Wenzhou mulls document to further open economy
The Wenzhou municipal government recently released a draft document on further accelerating the development of an open economy for public deliberation.
The document centers on building high-quality industrial clusters for foreign investment, encouraging local companies to engage in overseas investment and cross-border mergers and acquisitions, and creating new opportunities for Wenzhou in foreign trade.
In an open economy, economic activities take place freely, thus optimizing the allocation of resources and improving efficiency, according to an official of the city's bureau of commerce.
Leveraging foreign capital, pushing ahead with foreign investment and boosting foreign trade are keys to promoting economic development, transforming and upgrading industrial structures and fostering new economic drivers, the official added.

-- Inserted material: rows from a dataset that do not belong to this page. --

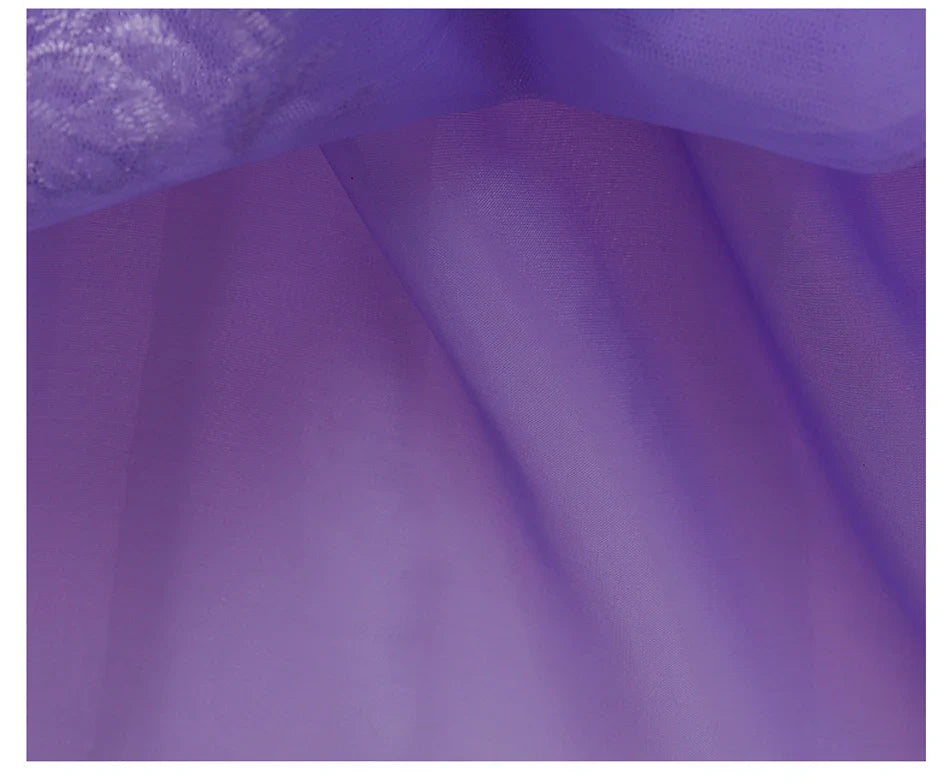 Girl Cosplay Princess Aurora Rapunzel Dress Up Kids Christmas Halloween Tulle Fancy Costume for Children Girls Birthday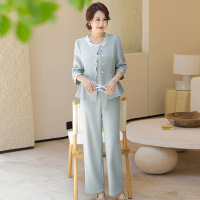 妈妈装新款套装秋装女时尚洋气中老年女装秋季衣服两件套服装中年 3XL(建议125-140斤） 浅蓝色套装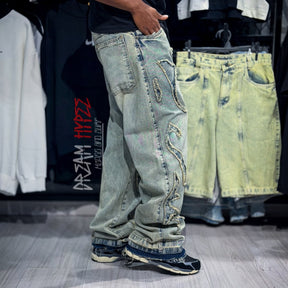 Calça Reta Destroyed DMC
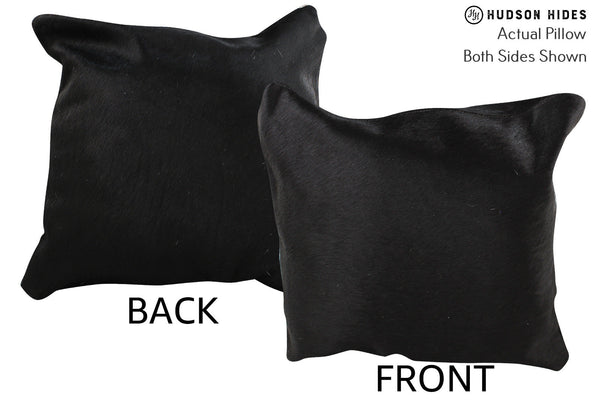 Solid Black Cowhide Pillow #74432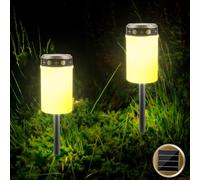 Set di 2 lampade funerarie: lampada funeraria solare, lampada funeraria solare a LED, candela per cimitero da esterno impermeabile a energia solare con sensore di luce, candela funeraria con picchetto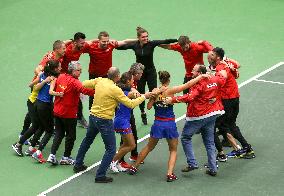 Romanian Team celebrates a victory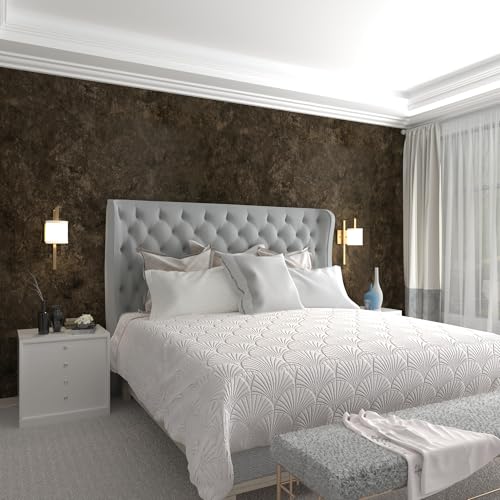 3yecao 31"×354" Big Roll Large Size Extra Wide Thick Dark Brown Tan Grey Concrete Wallpaper Peel and Stick Vinyl Waterproof Glossy Charcoal Taupe Gray Concrete Cement Contact Paper for Bedroom Walls - color: Dark Brown Grey, size: 31" x 354"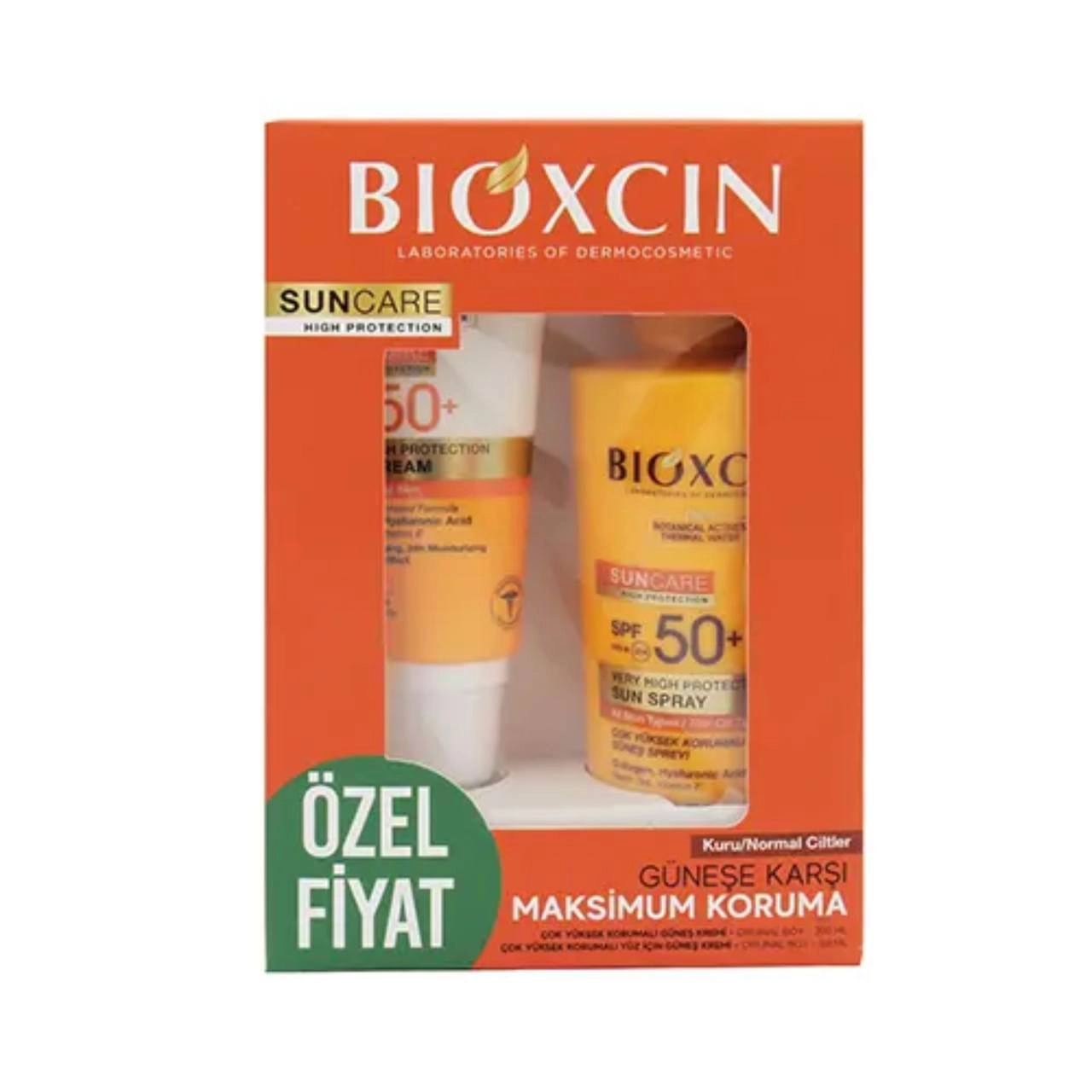 ست کرم ضدآفتاب بی رنگ بیوکسین ست کرم و اسپری ضدآفتاب بی رنگ SPF50 مناسب پوست نرمال و چرب - Image 1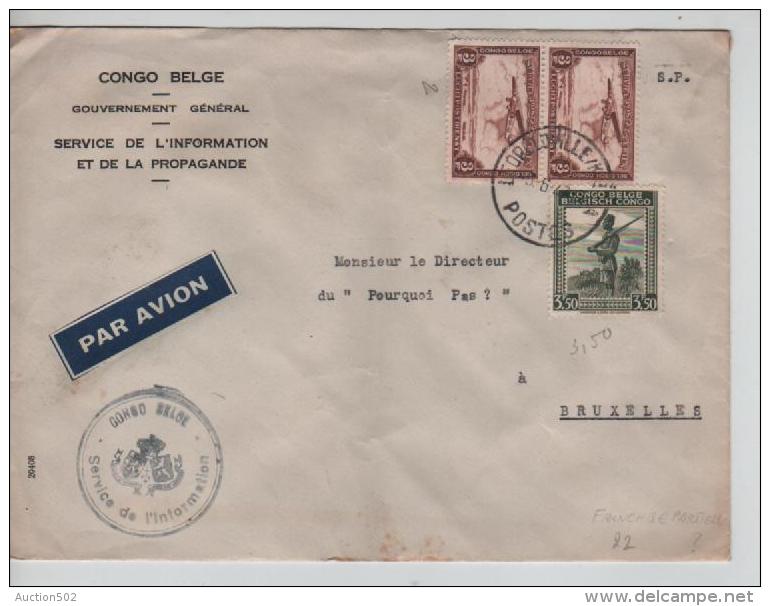 Belgisch Congo Belge TPA 10(2)-242 S/L.Avion En Franchise Partielle S.P. C.Léopoldville En 1947 PR1238 - Lettres & Documents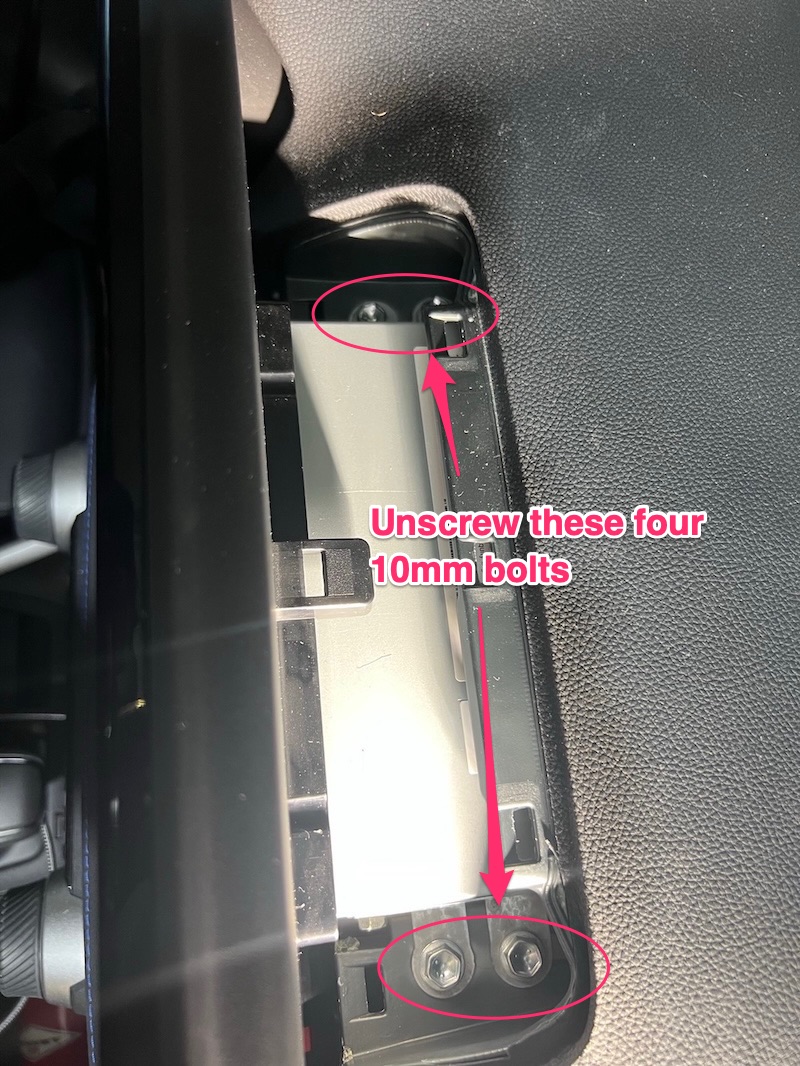 Unscrew these four 10mm bolts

As a way to build high-quality industrial clusters for foreign investment, Wenzhou plans to further support projects relating to business and initiating investment, encourage foreign-invested companies enterprises to go public and encourage foreign investors to carry out mergers and acquisitions in Wenzhou.
Attracting overseas highly-skilled professionals to start businesses and do innovative work in Wenzhou is the highlight of the newly released document. The government will strive to make it more convenient for overseas professionals to work and live in Wenzhou by simplifying relevant administrative procedures.
The document also points out that the government will encourage companies to be involved in the construction of overseas economic and trade cooperation zones and encourage them to set up branches in these zones.
According to the draft document, the government will further assist companies in building overseas warehouses. Currently, Wenzhou has 21 warehouses in 12 countries including Serbia, the United Kingdom, the United States and Germany. The trade value of overseas warehouses in 2017 reached $160 million, a year-on-year increase of 15 percent.